Even diehard loyalists should acknowledge that Gibson's books all have basically the same trajectory, for until now it's always been an enjoyable ride: the drip-drip-drip revelation of an agenda hidden from a protagonist drawn inexorably by the tractor beam of a secretive patron into the Death Star of a new reality. Without exception, his books contain at least one scene where the scales fall from the eyes of the lead character -- who, whether male or female, is attractive and rugged and vulnerable and talented and jaded and lost and seeking for a meaning which may or may not be illusory, but at least always winds up being highly lucrative. S/he will come to realize, step by step, that while pursuing some rather enigmatic, slightly desperate, increasingly dangerous mission on behalf of a very rich, powerful and shadowy force beyond the ken of mere mortals, s/he has been a just a pawn in their game. The stated mission will always differ radically from the true agenda.
Readers get to ride shotgun with this protagonist, who is kept always off balance and in motion, while we get to feel somewhat superior as we tick off each clue, one step ahead of the manipulated characters. One can look forward to that moment in each novel when Gibson blows your mind with What It All Really Meant, How the World Really Works, and Where that World is Headed Next.

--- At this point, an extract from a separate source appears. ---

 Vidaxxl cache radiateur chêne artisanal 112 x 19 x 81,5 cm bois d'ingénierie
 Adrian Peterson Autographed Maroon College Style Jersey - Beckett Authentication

In this iteration of the once and future Gibsonian plot, the lead charcter Hollis Henry is a former alt-rock cult icon, a composite perhaps of the Pixies' Kim Deal and Sonic Youth's Kim Gordon, who has turned halfheartedly to journalism to keep busy, or something. (It is never convincingly explained why such a figure would want to become one of the ink-stained wretches despised by most great musicians. Think: Bob Dylan or John Lennon shredding reporters at press conferences.)

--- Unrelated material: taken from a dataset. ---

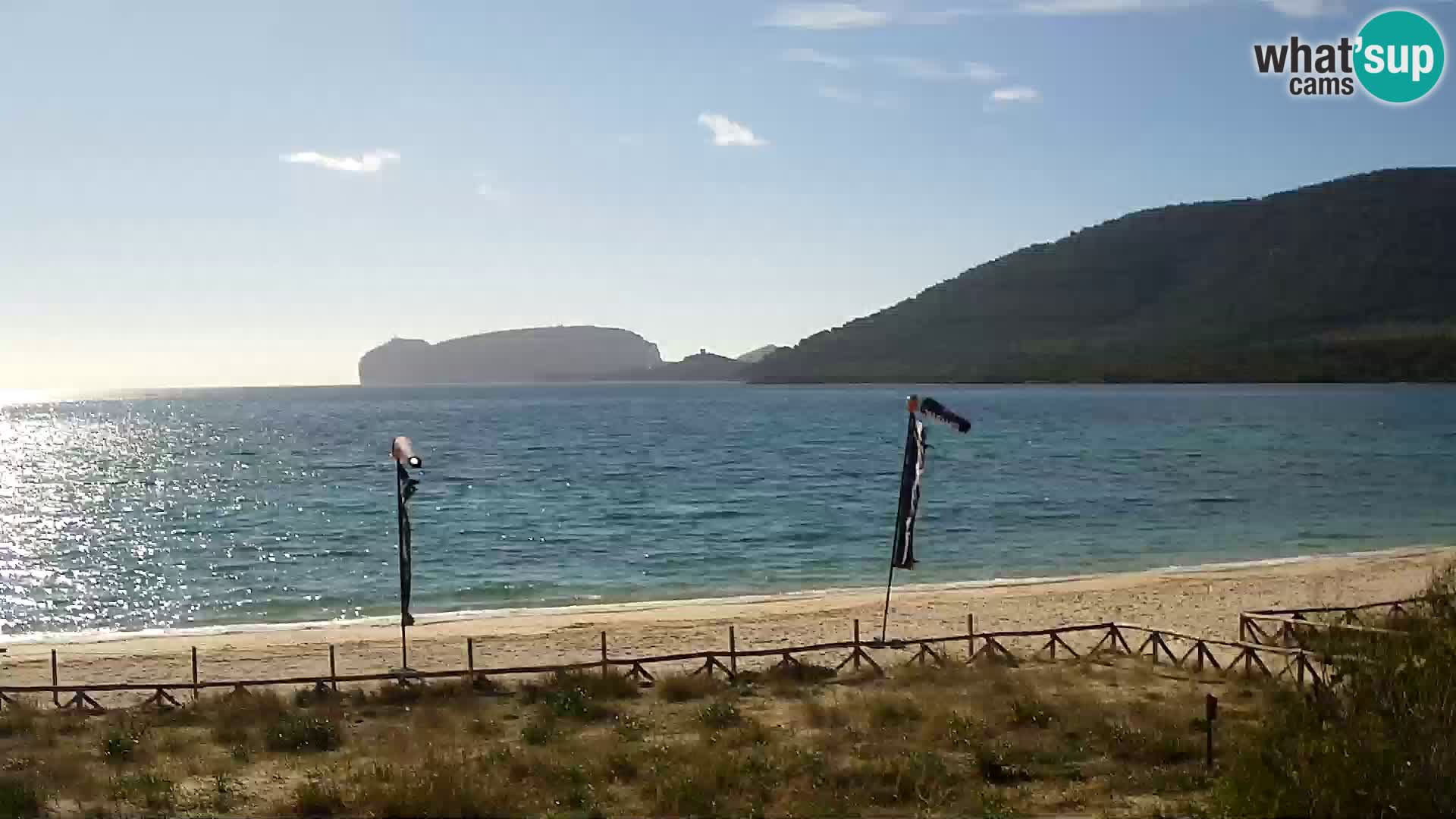 Webcam en direct Plage de La Stalla Riviera del Corallo – Alghero – Sardaigne – Italie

Yet as with Case and Cayce before her, Hollis gets swept into a vortex of perfidious global intrigue which, through a combo of dumb luck, good instincts and an aptitude for surfing the shockwaves set off around her, leaves her on top of the final heap -- having gained insight into who she really is, where she really came from, whom she should (mis)trust from now on. Phew. Along for the ride are both grizzled
veterans of a pre-internet hacker/intel culture, and insanely talented
youthful heirs to their legacy, to be briefly alluded to in future Gibson novels as legendary figures of the past.
The problem: Gibson has not really committed himself here to making these characters more than placeholders for a certain demographic type or cultural stance. Each of them is consumed with tragic nostalgia: How did my genius grandfather really die? Why did my bandmember have to an overdose? And, will I ever find a partner who understands me who is also really sexy? Unfortunately, Hollis remains an oddly nondescript presence to the end. Though we learn many details of her likes and dislikes and suspicions and memories and desires, she never really transcends her initial character profile. Even the acrobatic young counterspy-cum-keyboard player Tito fails to generate much more than the run-of-the-mill sympathy one might feel for a young hero with an exceptional knack for backflips and rappelling. (What, don't you know anyone like that?)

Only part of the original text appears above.